Secondly, the moderating effect analysis reveals that the interaction term coefficient between green technology innovation and new-quality productive forces is significantly positive at the 1% level. Additionally, green technology innovation alone exerts a significant positive effect on industrial chain modernization. This indicates that green technology innovation can enhance the catalytic role of new-quality productive forces in industrial chain modernization. By improving the industrial chain’s technological adoption capacity and risk resilience, green technology innovation amplifies the marginal effects of new-quality productive forces. When green technology innovation reaches advanced levels, industrial chains can rapidly adapt to digital elements in new-quality productive forces through clean energy substitution and circular resource utilization technologies, avoiding the dilemma of unimplemented technological introductions. Meanwhile, green technology innovation reduces industrial chains’ dependence on fossil fuels and scarce minerals, mitigating resource supply risks during new-quality productive forces-driven industrial expansion and ensuring more sustainable positive effects. To avoid the misconception of prioritizing new-quality productive forces scale over green technology adaptation, green technology innovation should be integrated throughout the cultivation process of new-quality productive forces. This approach focuses on addressing the disconnect between technological R&D and industrial application, preventing resource misallocation during the transformation of new-quality productive forces.
Thirdly, the spatial Durbin model and the analysis of heterogeneity in eastern, central, and western regions jointly reveal that the role of new-quality productive forces exhibits regional imbalance characteristics. When only the time effect is controlled, new-quality productive forces show significant positive spatial spillover effects. However, after introducing provincial fixed effects, the spillover effect disappears and the coefficient turns negative. In the heterogeneity regression, the coefficient of new-quality productive forces in the eastern region is significantly higher than that in the central region, while the western region’s coefficient is statistically insignificant. The core reason for this result lies in the constraints imposed by regional structural differences on the role of new-quality productive forces. From the root cause of regional heterogeneity, due to the better economic development in China’s eastern region, it can form a coordinated industrial chain from R&D to application, enabling the rapid transformation of new-quality productive forces from technological upgrading to value creation. However, enterprises in the central and western regions face shortcomings such as insufficient low-carbon transformation capabilities in traditional manufacturing and weak digital foundations in small and medium-sized enterprises.
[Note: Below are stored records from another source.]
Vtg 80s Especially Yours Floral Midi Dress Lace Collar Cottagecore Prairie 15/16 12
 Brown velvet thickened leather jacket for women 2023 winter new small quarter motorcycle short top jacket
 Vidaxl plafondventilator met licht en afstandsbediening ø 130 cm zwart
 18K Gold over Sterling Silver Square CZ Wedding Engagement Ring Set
These hinder the implementation of green technologies in specific production scenarios, making it difficult for new-quality productive forces to translate into actual industrial chain efficiency, ultimately manifested as small or insignificant coefficients. In the process of industrial chain development, it is necessary to abandon the “one-size-fits-all” development policies and design differentiated new-quality productive forces coordination mechanisms for the different development stages of the eastern, central, and western regions, addressing the dilemma of insufficient spillover effects in the east and weak reception capacity in the central and western regions.

7. Conclusions

Using panel data from 31 provincial-level administrative regions in China (excluding Hong Kong, Macao, Taiwan, and the Tibet Autonomous Region) spanning 2011–2021, this study systematically investigates the mechanism through which new-quality productive forces influence industrial chain modernization, from three dimensions: overall effect, moderating effect, and spatial spillover effect. The key findings are as follows: 1. New-quality productive forces exerts a robust promotional impact on the advancement of industrial chain modernization. 2. Green technology innovation functions as a moderator in this relationship, effectively amplifying the driving effect of new-quality productive forces on industrial chain modernization. 3. New-quality productive forces exhibit a spatial spillover effect, yet this effect remains uneven, primarily attributable to disparities in regional industrial structure.
Drawing on the above findings, it is recommended that the Chinese government tailor the development of new-quality productive forces to regional characteristics, elevate the level of green technology innovation, and thereby accelerate the modernization and upgrading of industrial chains.

Author Contributions

Conceptualization, J.L.; methodology, J.L.; software, J.L.; validation, J.L.; formal analysis, J.L.; investigation, J.L.; resources, J.L.; data curation, J.L.; writing—original draft preparation, J.L.; writing—review and editing, F.J.; visualization, F.J.; supervision, F.J.; project administration, F.J.; funding acquisition, F.J. All authors have read and agreed to the published version of the manuscript.

Funding

This research was funded by Major Project of the National Social Science Foundation of China, “Study on the Policy System and Implementation Path for Accelerating the Formation of New-Quality Productive Forces”, grant number 23&ZD069.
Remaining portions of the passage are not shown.